Bronars' rebuttal of Sisolak's expert report mostly involves criticisms of the placement of applicants into "artificial" statistical pools and the aggregation of selection rates across positions, OpCos, and years. Additionally, some criticisms relate to the failure of Sisolak to control for certain factors (or to control properly for those factors). Bronars also criticizes the inclusion in some tests of noncompetitive requisitions or requisitions in which only male candidates were included.
Bronars' criticism, even if valid, does not require exclusion of Sisolak's expert testimony and reports. First, the use of CMH tests has been accepted in other cases,
Sisolak attempted to control for factors such as experience, whether the applicant completed an online application, and whether the applicant had a Class A license (for drivers) in subsequent tests, to show that they did not account for the findings of gender disparity. To the extent PFG argues that Sisolak did not properly control for experience, such as by not including additional information from sites like CareerBuilder, it may address this on cross-examination. See Texas Roadhouse, Inc., 215 F. Supp. 3d at 155 ("failing to use a perfect set of variables that incorporates all relevant factors or excludes all potentially irrelevant variables is not a means for rejecting an expert's analysis."). Importantly, it appears that many of Bronars' criticisms, for example failing to properly measure experience or control for the timing of the application, could affect men and women equally, and may not alter the findings of gender disparity. Therefore, even if Bronars' criticisms are valid, it is not clear how they reflect on the ultimate question.
Similarly, PFG can question Sisolak as to her treatment of non-competitive and male-only requisitions. In particular, there appears to be a reasonable dispute as to how to treat non-competitive requisitions, which tended to be male only. That PFG appears to have created certain requisitions to hire a preselected (and usually) male candidate may be data that should be considered in the statistical analysis. (See Sisolak Supplemental Rebuttal at 11).
Therefore, the court finds Sisolak's reports and testimony to be relevant and reliable, and will deny the motion to exclude them.
The EEOC argues that Bronars' criticisms are not relevant or reliable because he merely speculates that certain factors might affect the outcome of Sisolak's tests, without showing that they would. Specifically, for many of the criticisms, he does not state how they would affect the ultimate finding of gender disparity. As to his second report, the EEOC argues that Bronars' findings are misleading, as many of his statistical pools did not have sufficient statistical power. The EEOC also argues that Bronars misstates the opinion of the EEOC's expert in another case, Dr. David Neumark, regarding the benefits of multiple regression over CMH.

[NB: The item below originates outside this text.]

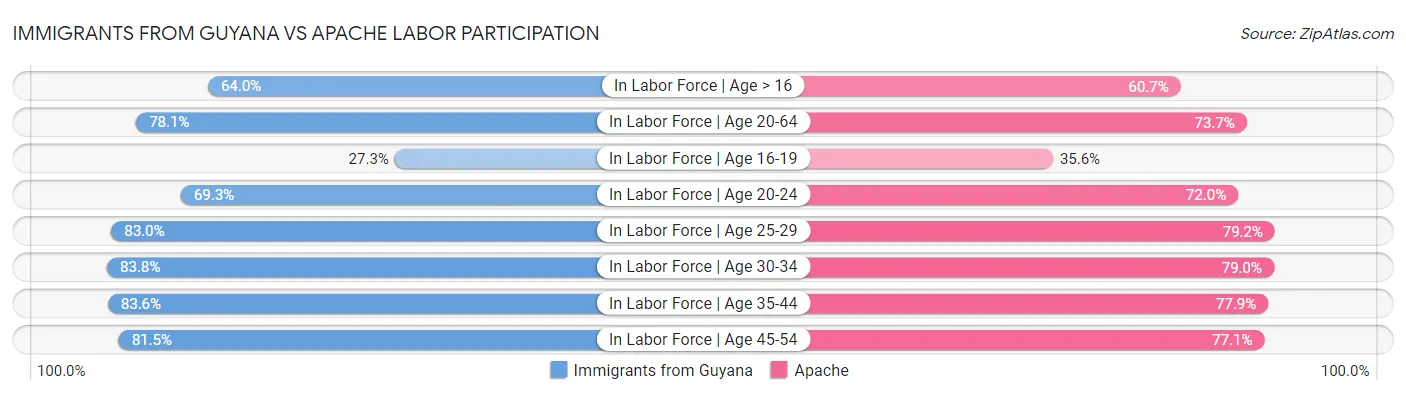 Immigrants from Guyana vs Apache Labor Participation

Although "[t]he court's function is more limited when evaluating rebuttal expert testimony offered by the defendant," it must still "determine threshold admissibility." Samuel v. Ford Motor Co., 112 F.Supp.2d 460, 469 (D. Md. 2000). Therefore, "a rebuttal expert is still subject to the scrutiny of Daubert and must offer both relevant and reliable opinions." Funderburk v. S.C. Elec. & Gas Co., 395 F.Supp.3d 695, 716 (D.S.C. 2019).
Here, Bronars' opinions meets the standards for relevance and reliability. First, Bronars' rebuttal would be helpful to the factfinder because it demonstrates some limitations of Sisolak's methodology: for example, his testimony might show that multiple regression analysis, rather than CMH, is more appropriate in these circumstances. His testimony also explains problems with aggregating across position and location, as the data might show a statistically significant selection disparity as to all operatives in the Broadline division when, in reality, such disparity only existed in a few positions or locations.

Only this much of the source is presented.